The fundamental problems of classical machine learning are:

  1. Machine learning models require big data to train
  2. Machine learning models cannot extrapolate out of the their training data well
  3. Machine learning models are not interpretable

However, in our recent paper, we have shown that this does not have to be the case. In Universal Differential Equations for Scientific Machine Learning, we start by showing the following figure:

Indeed, it shows that by only seeing the tiny first part of the time series, we can automatically learn the equations in such a manner that it predicts the time series will be cyclic in the future, in a way that even gets the periodicity correct. Not only that, but our result is not a neural network, rather the program itself spits out the LaTeX for the differential equation:

$$x^\prime = \alpha x – \beta x y$$

$$y^\prime = -\delta y + \gamma x y$$

with the correct coefficients, which is exactly the how we generated the data.

Rather than just explaining the method, what I really want to convey in this blog post is why it intuitively makes sense that our methods work. Intuitively, we utilize all of the known scientific structure to embed as much prior knowledge as possible. This is the opposite of most modern machine learning which tries to use blackbox architectures to fits as wide of a range of behaviors as possible. Instead, what we do is we look at our problem and say, what do I know has to be true about the system, and how can I constrain the neural network to force the parameter search to only look at cases such that it is true. In the context of science, we do so by directly embedding neural networks into existing scientific simulations, essentially saying that the model is at least approximately accurate, so our neural network should only learn what the scientific model didn’t cover or simplified away. Our approach has many more applications than what we show in the paper, and if you know the underlying idea, it is quite straightforward to apply to your own work.

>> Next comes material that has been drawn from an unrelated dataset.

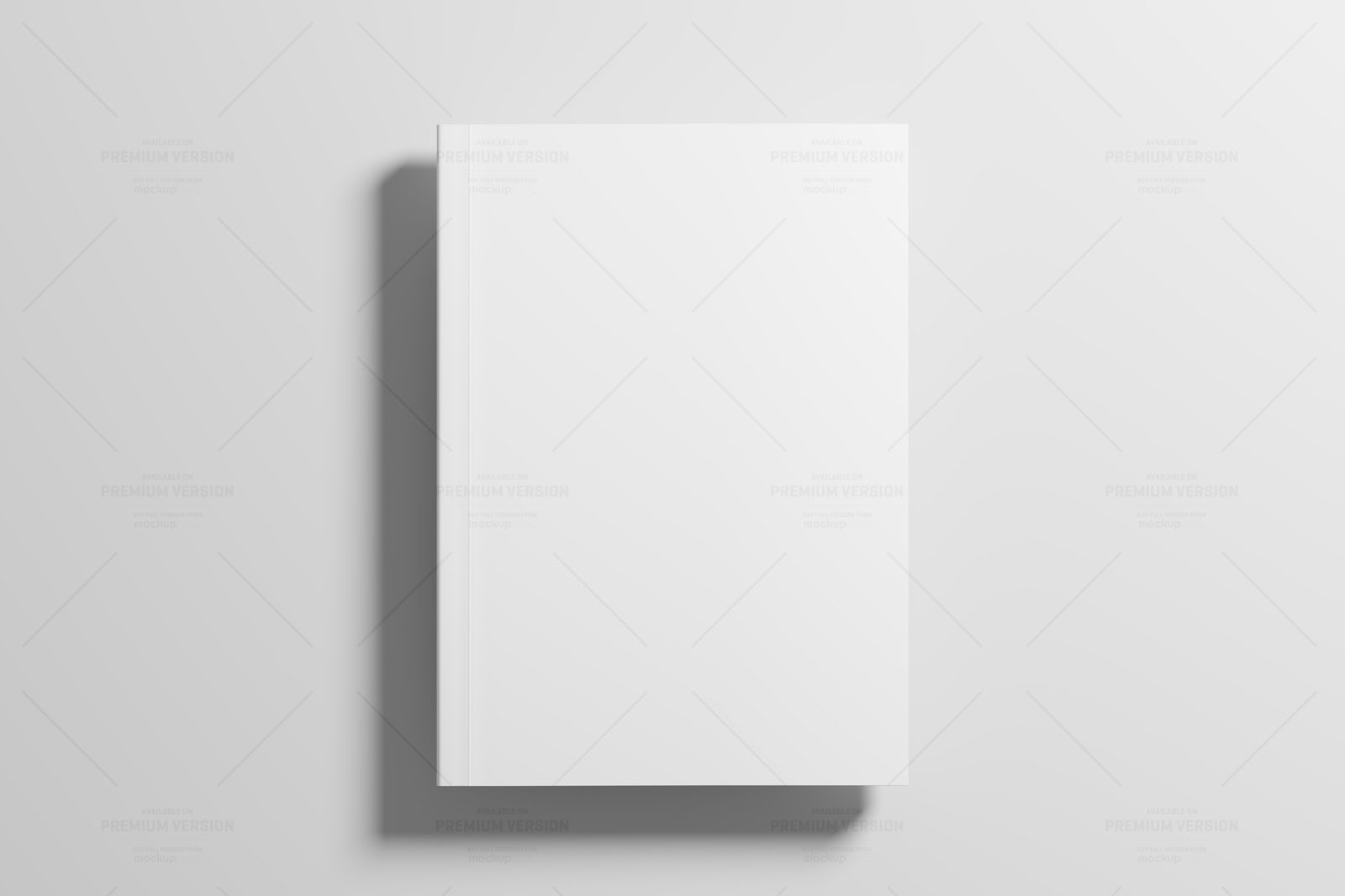 Free Softcover Book Cover Mockup From Top PSD Template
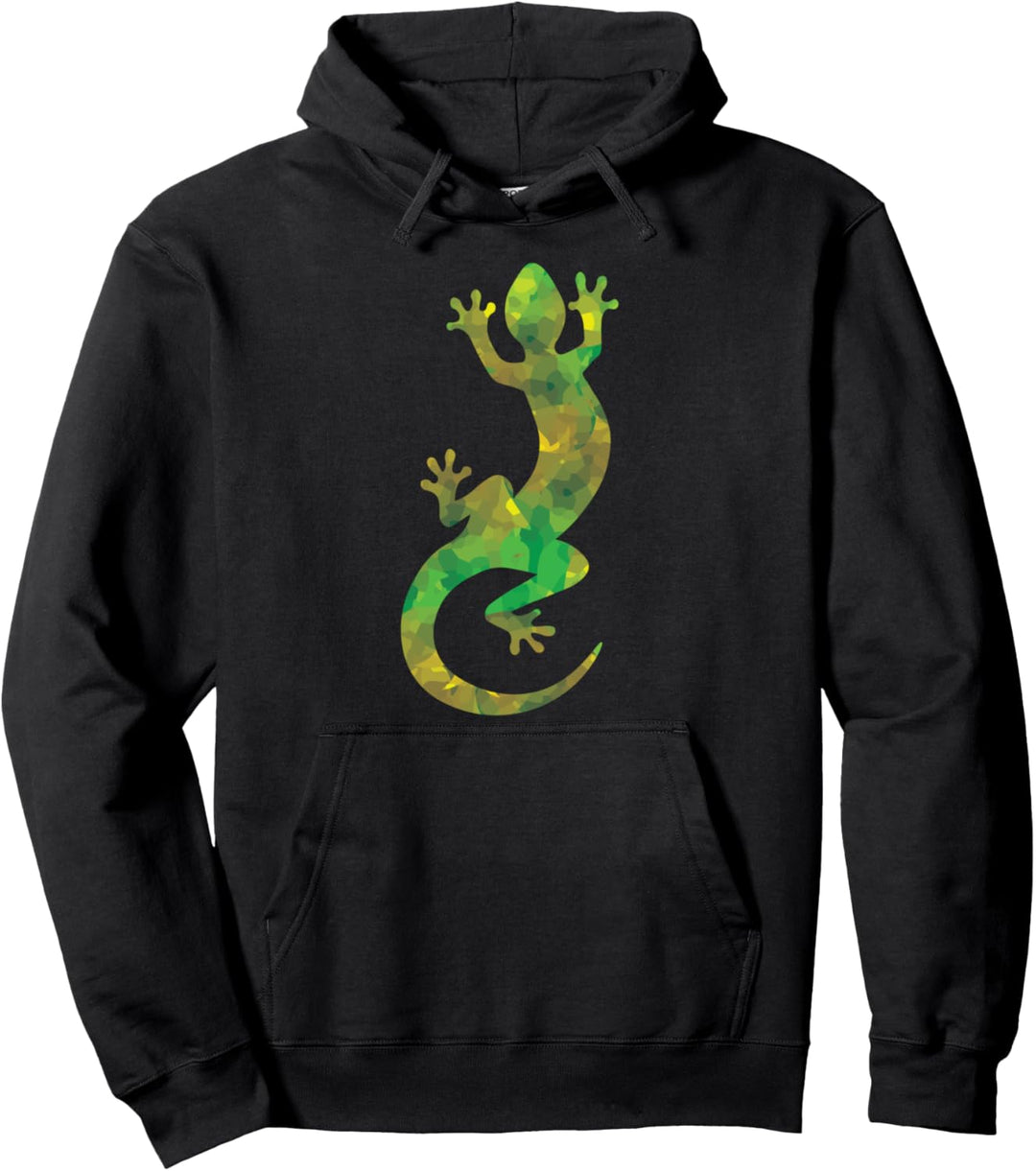 Eidechse Tarnung - Leguan Geschenk bunte Echse Terrarium Pullover Hoodie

Quick Overview of the Universal Differential Equation Approach

The starting point for universal differential equations is the now classic work on neural ordinary differential equations. Neural ODEs are defined by the equation:

$$u^\prime = \text{NN}_\theta (u),$$

i.e. it’s an arbitrary function described as the solution to an ODE defined by a neural network. The reason why the authors went down this route was because it’s a continuous form of a recurrent neural network that then makes it natural for handling irregularly-spaced time series data.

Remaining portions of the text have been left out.